At great expense, Ohio installed digital voting machines for 2016 that promised new security and audit features. Included was an anti-hacking capability and software that would take a picture and time stamp of each ballot as it was being cast. But Secretary of State Jon Husted allowed county officials to turn that feature off and won't explain why he would do such a thing.
In an odd twist of events, as soon as Wisconsin officials announced that a recount would be held – and before the recount began, Trump's original vote total in that state was reduced by 4,931 votes. It was as if those votes never really existed, and no explanation has been given for how they disappeared.

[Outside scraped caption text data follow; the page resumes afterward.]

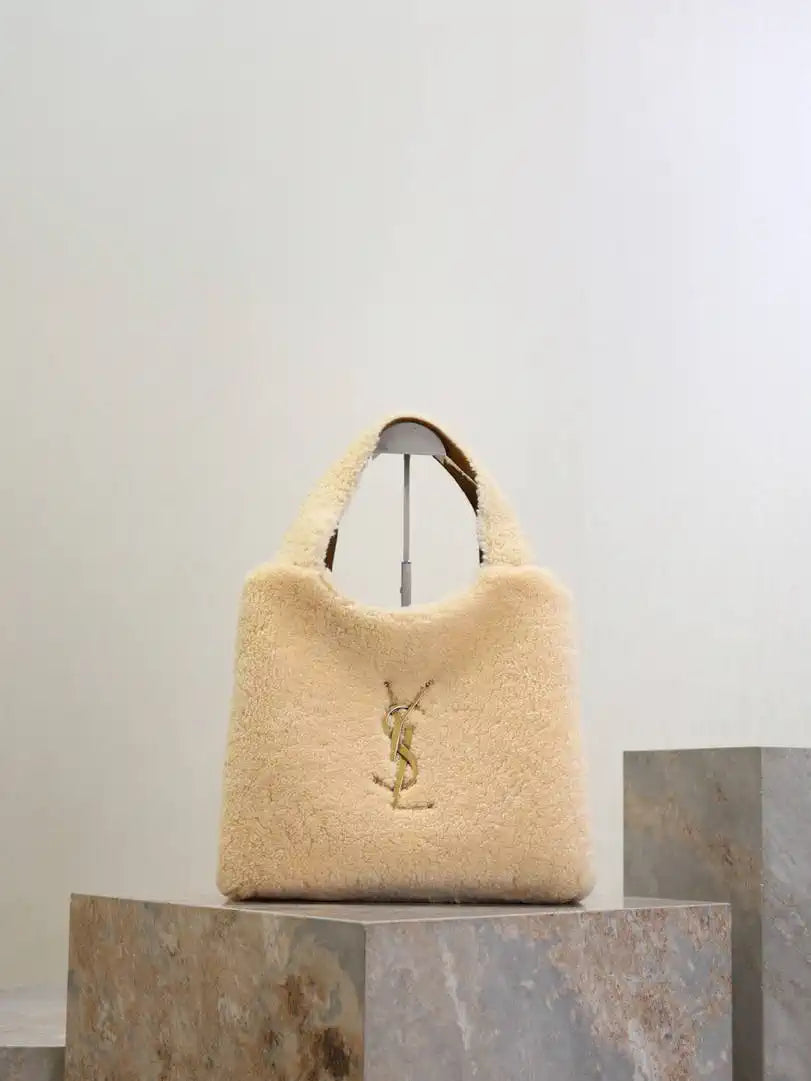 Saint Laurent YSL 858191 ICARE in shearling Medium Shopping Bag NATURALE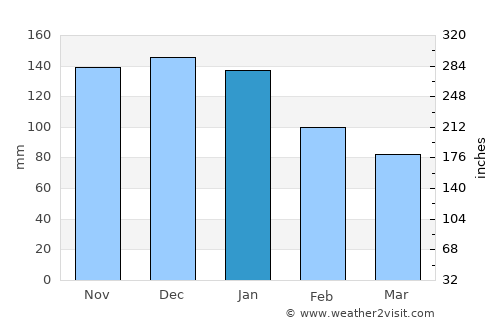 Kizukuri average rain in January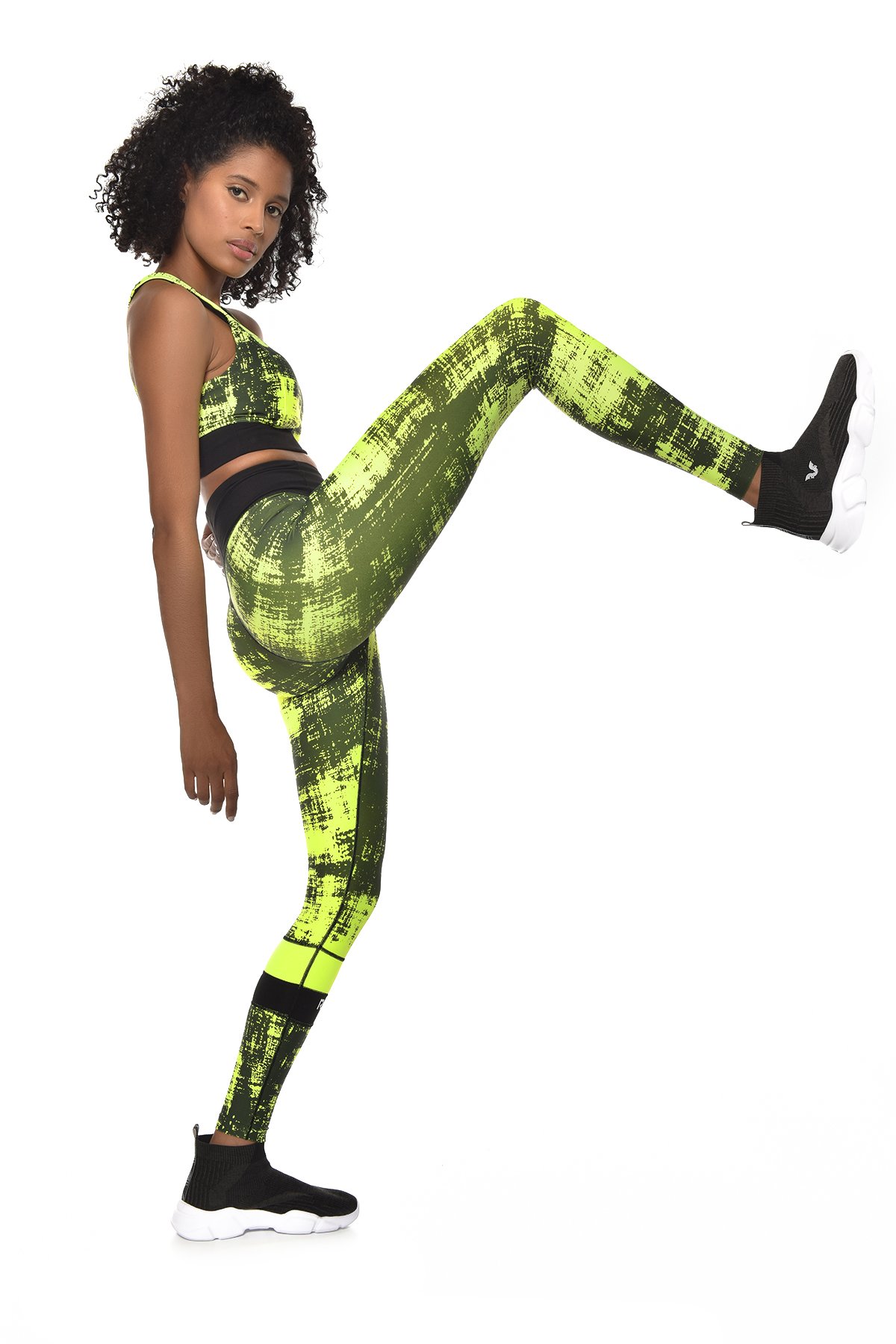 Kadın Neon Yeşil Yüksek Bel Spor Esnek ve Toparlayıcı Spor Tayt GW-9228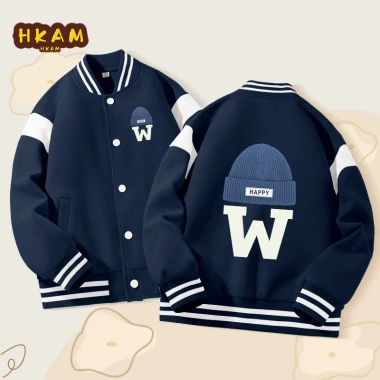 Áo khoác bomber bé trai unisex in hình mũ chữ, thời trang thoải mái - giá chỉ 350.000₫ giảm từ 437.500₫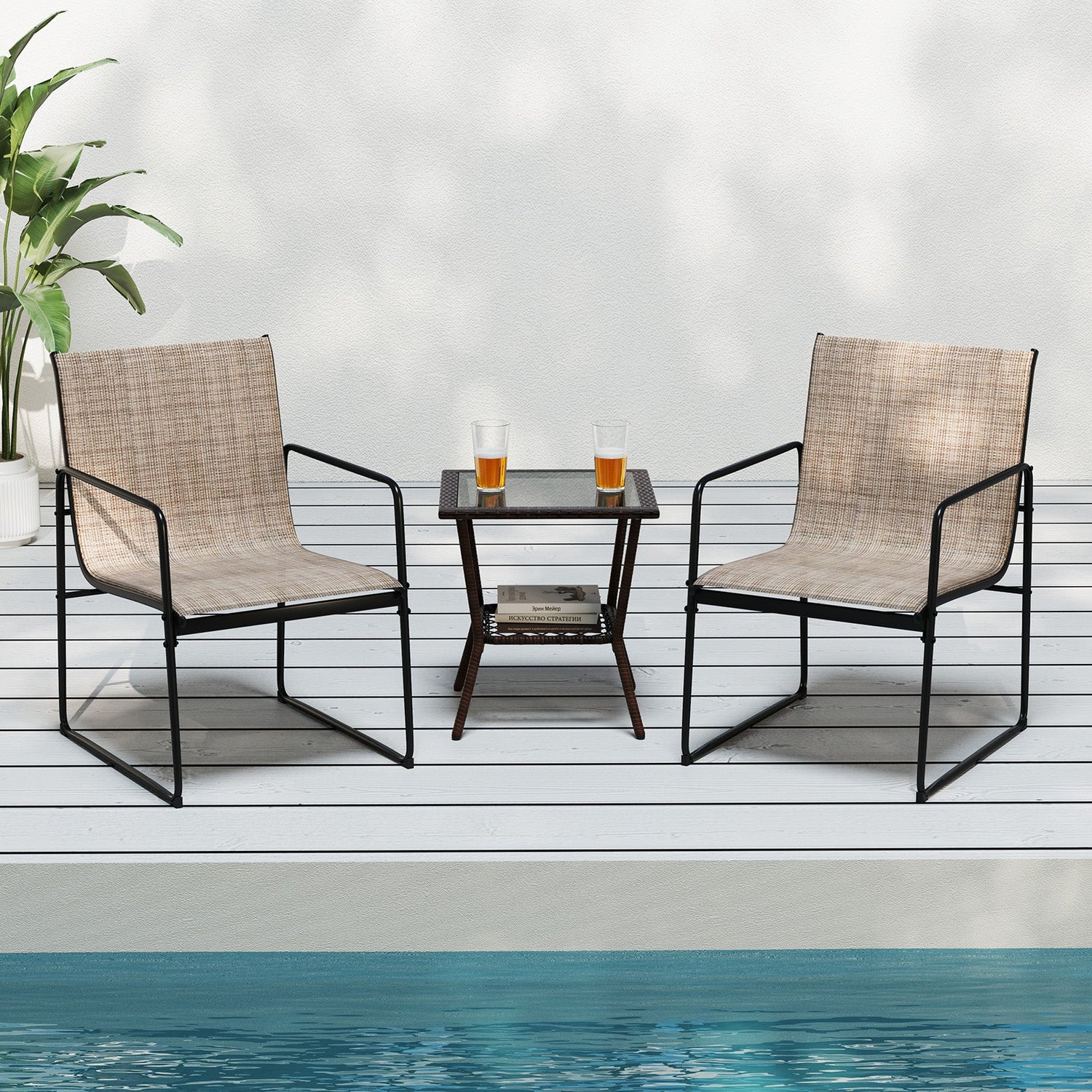 Outdoor Dining Chairs Set of 4 Patio Furniture Chair with Breathable Seat and Backrest-Brown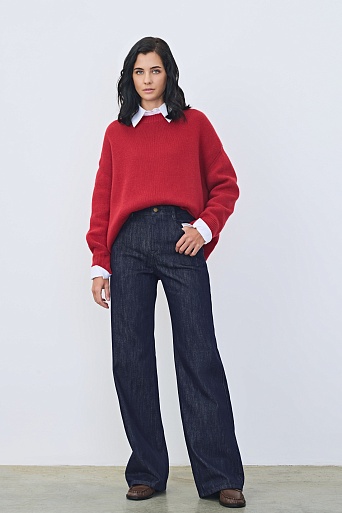 Широкие джинсы с высокой посадкой, темно-синие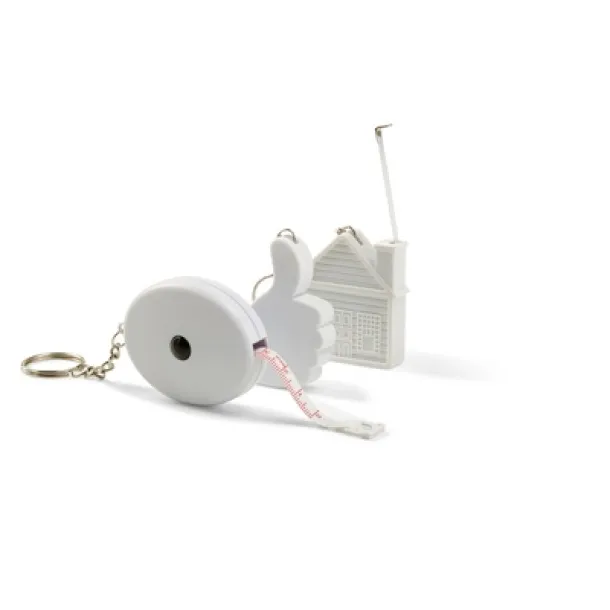  Keyring, measuring tape 1,5m white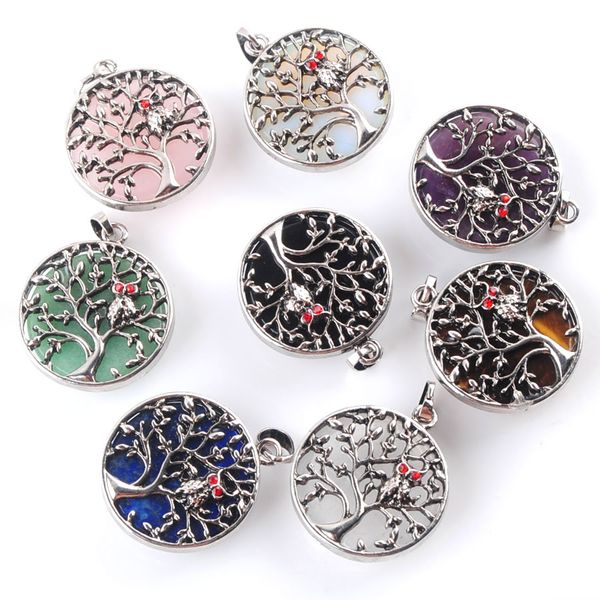 

natural stone gem round cabochon amethyst opal pendant for diy woman necklace size 27mm bn365, Silver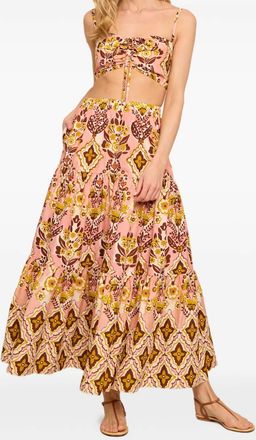 Cara Cara Melanie tiered floral-print midi skirt - Pink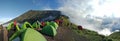 Ground camping Sembalun Plawangan, Rinjani Royalty Free Stock Photo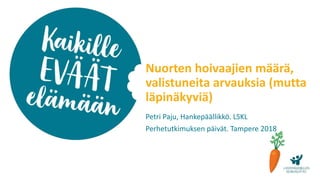 Nuorten hoivaajien määrä,
valistuneita arvauksia (mutta
läpinäkyviä)
Petri Paju, Hankepäällikkö. LSKL
Perhetutkimuksen päivät. Tampere 2018
 
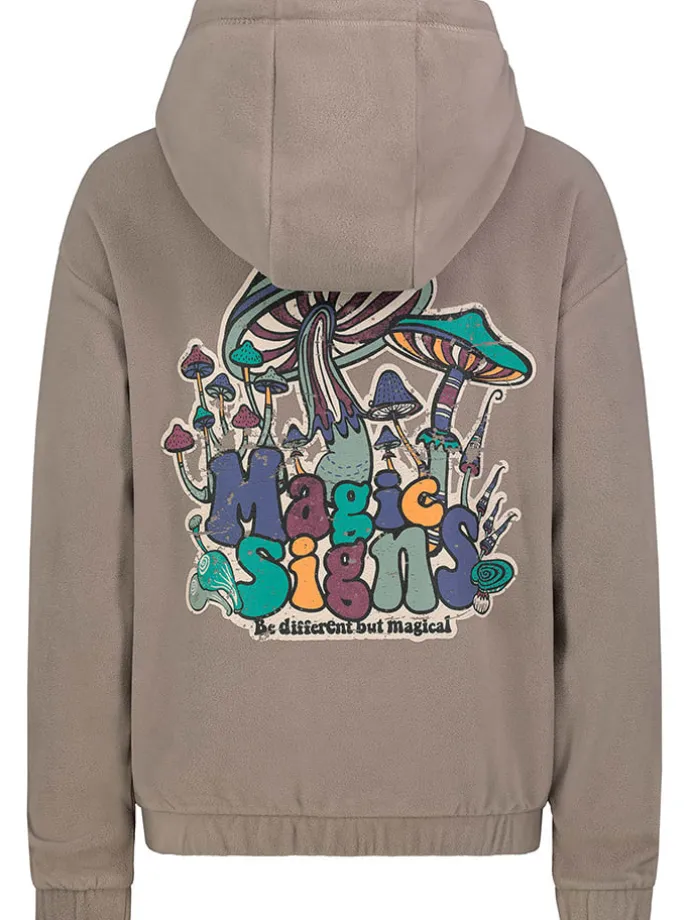 Fleecehoodie in Hellbraun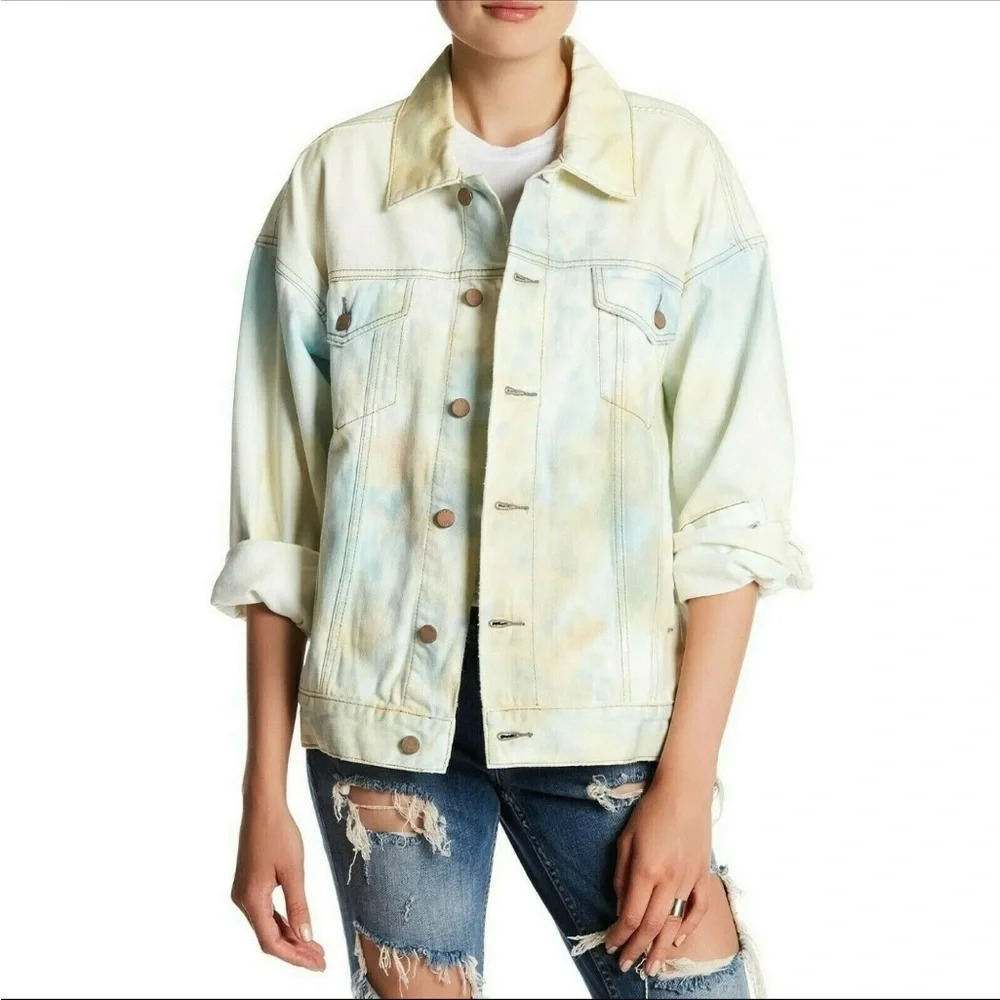 Free People White Multi Colored Tie Dye Denim Oversized Jacket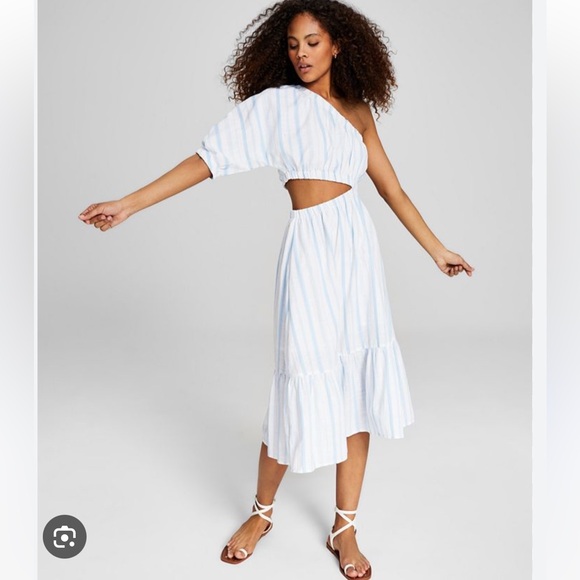 And Now This cotton cutout one shoulder striped dress - Picture 3 of 6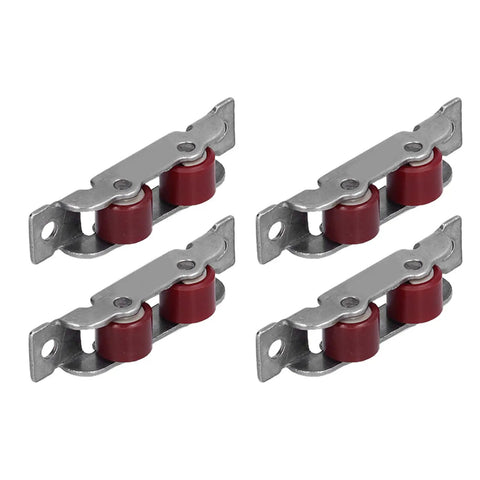 Rugged Stainless Steel Double Wheel Sliding Window And Door Roller Pulley 4 Pack with red nylon wheels and silver mount brackets.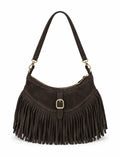 HE526 Dark Brown Fringe Suede Hobo Bag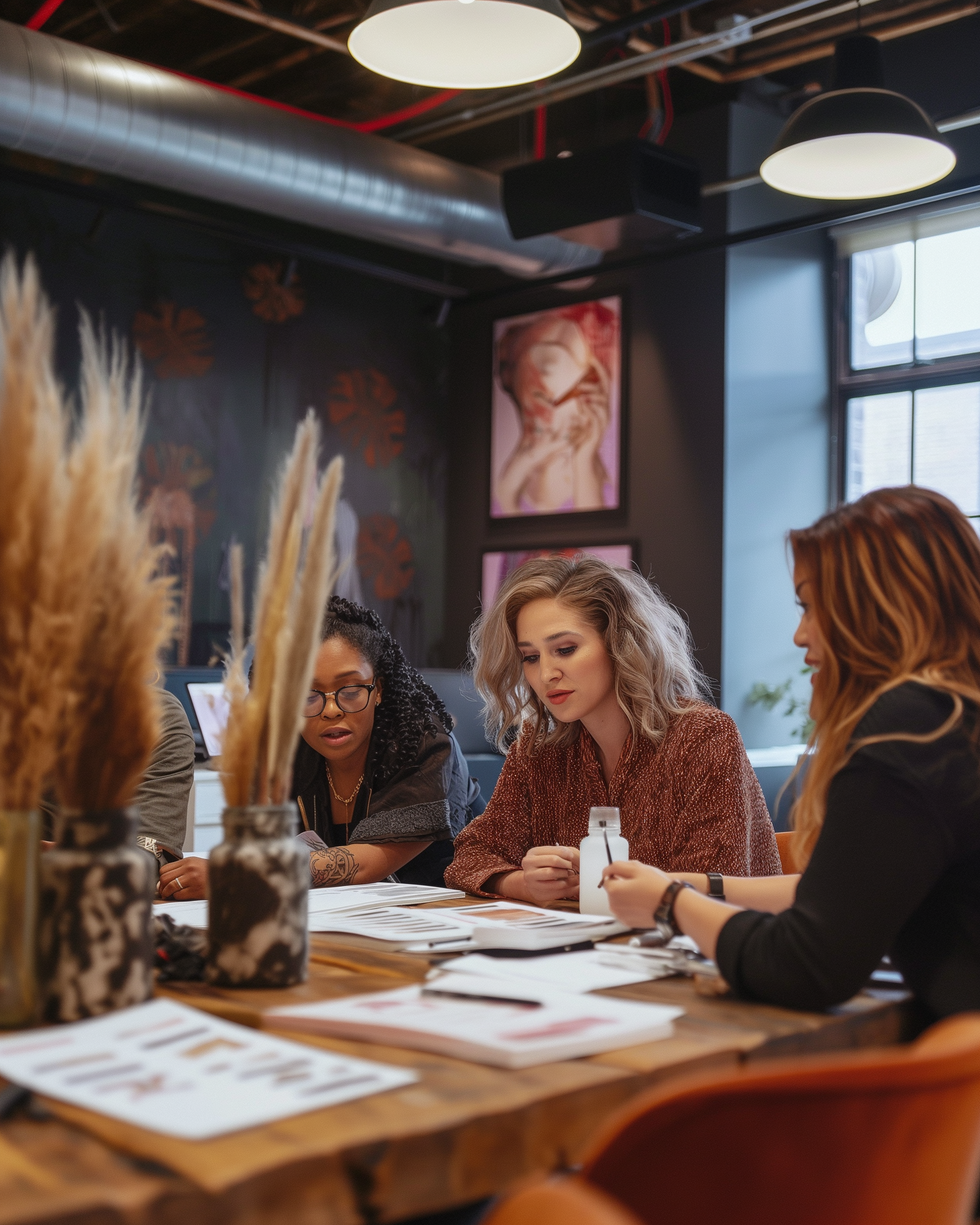 Candid editorial photograph inside MOKO Beauty, capturing a collaborative permanent makeup training workshop in Stoneham, MA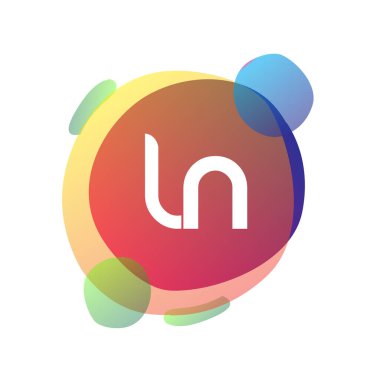 LN harfi logosu rengarenk arka plan, yaratıcı endüstri, web, iş ve şirket için harf kombinasyonu tasarımı.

Election hacking was much more widespread than we've been told. Hackers attacked voting systems in 39 states, accessing campaign finance databases in one state. In July of 2016, Illinois officials discovered a breach in the voter database which led investigators to IP addresses and other digital signatures. The DHS warned states to protect their voting systems from attacks, but officials in Georgia brushed aside that advice. According to NSA documents obtained by The Intercept, Russia's GRU military intelligence arm tried to take over the computers of 122 local election officials prior to the November vote. The situation was serious enough that then-President Obama took the unusual step of complaining to Russian President Vladimir Putin through back channels.
"This was a hack-riddled election," said Green Party candidate Dr. Jill Stein. “Foreign agents hacked into voter databases in certain states. Many Americans are wondering if our election results are reliable. We deserve elections we can trust.”
"The Russians interfered in our election during the 2016 cycle," former FBI director James Comey told the Senate Intelligence Committee last spring. "They did with purpose. They did it with sophistication. They did it with overwhelming technical efforts."
"It’s not a Republican thing or Democratic thing – it really is an American thing," Comey added. "They’re going to come for whatever party they choose to try and work on behalf of. And they’re not devoted to either, in my experience. They’re just about their own advantage. And they will be back.”
Oregonians are fortunate to live in an civilized state where voting is easy. We vote from the comfort of our own home by marking a paper ballot that can be mailed in or dropped off. We can reasonably expect an accurate count of those paper ballots and we can conduct an honest recount if necessary. The problem of hacking simply disappears when ballots actually exist in the real world.
The rest of the nation is following our lead. But we Oregonians still don't vote anywhere near the 85 percent level necessary to make our government a true democracy.